▸ Data provided
....

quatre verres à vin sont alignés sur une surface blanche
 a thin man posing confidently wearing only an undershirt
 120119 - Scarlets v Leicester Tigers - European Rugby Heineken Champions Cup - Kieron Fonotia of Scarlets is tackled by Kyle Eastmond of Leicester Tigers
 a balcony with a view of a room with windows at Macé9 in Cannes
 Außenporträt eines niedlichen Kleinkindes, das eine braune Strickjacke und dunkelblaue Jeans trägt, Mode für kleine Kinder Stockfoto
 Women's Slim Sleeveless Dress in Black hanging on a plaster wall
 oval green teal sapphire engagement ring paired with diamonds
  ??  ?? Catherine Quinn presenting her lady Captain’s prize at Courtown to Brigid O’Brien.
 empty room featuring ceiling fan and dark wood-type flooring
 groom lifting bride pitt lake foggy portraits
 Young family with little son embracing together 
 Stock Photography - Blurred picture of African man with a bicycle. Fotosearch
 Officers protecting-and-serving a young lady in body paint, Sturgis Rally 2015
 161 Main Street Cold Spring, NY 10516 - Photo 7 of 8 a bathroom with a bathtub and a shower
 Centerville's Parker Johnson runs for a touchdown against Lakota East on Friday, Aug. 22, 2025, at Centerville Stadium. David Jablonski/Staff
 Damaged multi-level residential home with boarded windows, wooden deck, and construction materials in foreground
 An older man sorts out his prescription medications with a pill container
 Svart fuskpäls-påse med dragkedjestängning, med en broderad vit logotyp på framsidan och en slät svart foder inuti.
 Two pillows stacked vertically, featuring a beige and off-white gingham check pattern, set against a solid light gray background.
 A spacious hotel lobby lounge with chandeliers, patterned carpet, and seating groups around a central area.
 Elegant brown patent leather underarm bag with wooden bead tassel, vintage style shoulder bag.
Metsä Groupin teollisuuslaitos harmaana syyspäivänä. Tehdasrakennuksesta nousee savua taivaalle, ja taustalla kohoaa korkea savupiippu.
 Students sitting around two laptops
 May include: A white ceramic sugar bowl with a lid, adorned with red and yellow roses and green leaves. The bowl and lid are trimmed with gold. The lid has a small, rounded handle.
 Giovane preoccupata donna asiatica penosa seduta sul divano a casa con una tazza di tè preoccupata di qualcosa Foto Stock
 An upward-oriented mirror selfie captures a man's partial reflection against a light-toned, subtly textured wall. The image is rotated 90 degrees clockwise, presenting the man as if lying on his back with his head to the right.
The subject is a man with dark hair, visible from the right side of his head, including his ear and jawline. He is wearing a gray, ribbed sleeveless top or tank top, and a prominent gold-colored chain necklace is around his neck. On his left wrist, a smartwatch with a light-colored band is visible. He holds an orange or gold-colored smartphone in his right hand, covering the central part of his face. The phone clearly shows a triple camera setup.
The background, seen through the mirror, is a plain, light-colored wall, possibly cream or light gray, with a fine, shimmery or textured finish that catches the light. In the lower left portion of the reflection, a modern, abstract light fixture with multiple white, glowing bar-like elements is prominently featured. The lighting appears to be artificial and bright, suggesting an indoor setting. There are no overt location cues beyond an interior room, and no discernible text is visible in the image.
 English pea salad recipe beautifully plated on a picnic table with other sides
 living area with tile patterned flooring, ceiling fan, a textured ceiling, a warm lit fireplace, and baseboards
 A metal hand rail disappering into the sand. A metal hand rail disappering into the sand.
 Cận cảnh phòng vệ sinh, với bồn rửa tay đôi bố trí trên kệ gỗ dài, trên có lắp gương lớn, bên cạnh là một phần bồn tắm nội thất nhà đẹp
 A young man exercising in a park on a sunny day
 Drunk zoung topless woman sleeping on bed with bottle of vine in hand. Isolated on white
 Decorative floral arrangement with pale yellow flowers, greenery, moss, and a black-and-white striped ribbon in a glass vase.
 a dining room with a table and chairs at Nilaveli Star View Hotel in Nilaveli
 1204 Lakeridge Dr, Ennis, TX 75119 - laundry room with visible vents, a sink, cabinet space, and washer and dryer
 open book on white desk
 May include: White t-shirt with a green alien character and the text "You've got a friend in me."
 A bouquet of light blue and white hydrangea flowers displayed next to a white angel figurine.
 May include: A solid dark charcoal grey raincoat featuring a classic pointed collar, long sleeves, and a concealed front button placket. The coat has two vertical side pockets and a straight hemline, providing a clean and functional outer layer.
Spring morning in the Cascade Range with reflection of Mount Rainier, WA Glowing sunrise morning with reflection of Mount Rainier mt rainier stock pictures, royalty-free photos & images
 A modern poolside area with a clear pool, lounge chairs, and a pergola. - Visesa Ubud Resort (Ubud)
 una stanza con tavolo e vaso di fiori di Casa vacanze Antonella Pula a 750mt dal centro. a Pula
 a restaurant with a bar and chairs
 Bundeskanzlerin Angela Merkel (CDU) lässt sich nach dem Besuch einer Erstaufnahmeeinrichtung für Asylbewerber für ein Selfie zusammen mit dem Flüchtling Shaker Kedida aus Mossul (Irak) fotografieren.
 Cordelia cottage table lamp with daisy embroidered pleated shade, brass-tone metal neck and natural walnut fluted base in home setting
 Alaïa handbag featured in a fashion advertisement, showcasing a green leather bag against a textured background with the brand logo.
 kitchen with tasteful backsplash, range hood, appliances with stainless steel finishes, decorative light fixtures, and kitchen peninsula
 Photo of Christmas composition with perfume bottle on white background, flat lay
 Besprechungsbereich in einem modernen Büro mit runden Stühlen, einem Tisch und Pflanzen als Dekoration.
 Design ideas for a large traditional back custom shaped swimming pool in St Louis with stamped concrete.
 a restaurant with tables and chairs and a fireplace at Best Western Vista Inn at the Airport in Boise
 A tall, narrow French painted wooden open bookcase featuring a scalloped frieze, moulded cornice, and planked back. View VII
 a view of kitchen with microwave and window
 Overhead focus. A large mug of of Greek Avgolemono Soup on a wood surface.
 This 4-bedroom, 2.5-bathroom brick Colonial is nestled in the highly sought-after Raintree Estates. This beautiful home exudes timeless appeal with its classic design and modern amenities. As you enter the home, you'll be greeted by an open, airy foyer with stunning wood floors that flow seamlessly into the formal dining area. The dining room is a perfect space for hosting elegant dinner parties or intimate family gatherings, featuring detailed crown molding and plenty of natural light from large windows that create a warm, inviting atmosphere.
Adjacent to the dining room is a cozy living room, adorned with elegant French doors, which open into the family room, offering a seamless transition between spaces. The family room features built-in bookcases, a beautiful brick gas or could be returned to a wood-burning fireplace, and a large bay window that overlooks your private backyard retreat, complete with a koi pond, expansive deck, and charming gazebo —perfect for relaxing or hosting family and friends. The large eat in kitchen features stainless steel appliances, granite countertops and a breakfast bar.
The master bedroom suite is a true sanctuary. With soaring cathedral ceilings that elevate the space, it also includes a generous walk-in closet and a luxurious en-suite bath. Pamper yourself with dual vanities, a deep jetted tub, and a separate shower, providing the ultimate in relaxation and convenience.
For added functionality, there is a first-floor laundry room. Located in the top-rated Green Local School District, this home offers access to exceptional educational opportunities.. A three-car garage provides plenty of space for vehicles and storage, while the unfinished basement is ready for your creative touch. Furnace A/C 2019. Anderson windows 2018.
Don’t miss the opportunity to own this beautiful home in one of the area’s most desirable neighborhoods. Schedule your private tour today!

....

▸ Instructions to follow
In the records, which lines use the word "dark"? Report them.

▸ Answer space
 empty room featuring ceiling fan and dark wood-type flooring
The subject is a man with dark hair, visible from the right side of his head, including his ear and jawline. He is wearing a gray, ribbed sleeveless top or tank top, and a prominent gold-colored chain necklace is around his neck. On his left wrist, a smartwatch with a light-colored band is visible. He holds an orange or gold-colored smartphone in his right hand, covering the central part of his face. The phone clearly shows a triple camera setup.
 May include: A solid dark charcoal grey raincoat featuring a classic pointed collar, long sleeves, and a concealed front button placket. The coat has two vertical side pockets and a straight hemline, providing a clean and functional outer layer.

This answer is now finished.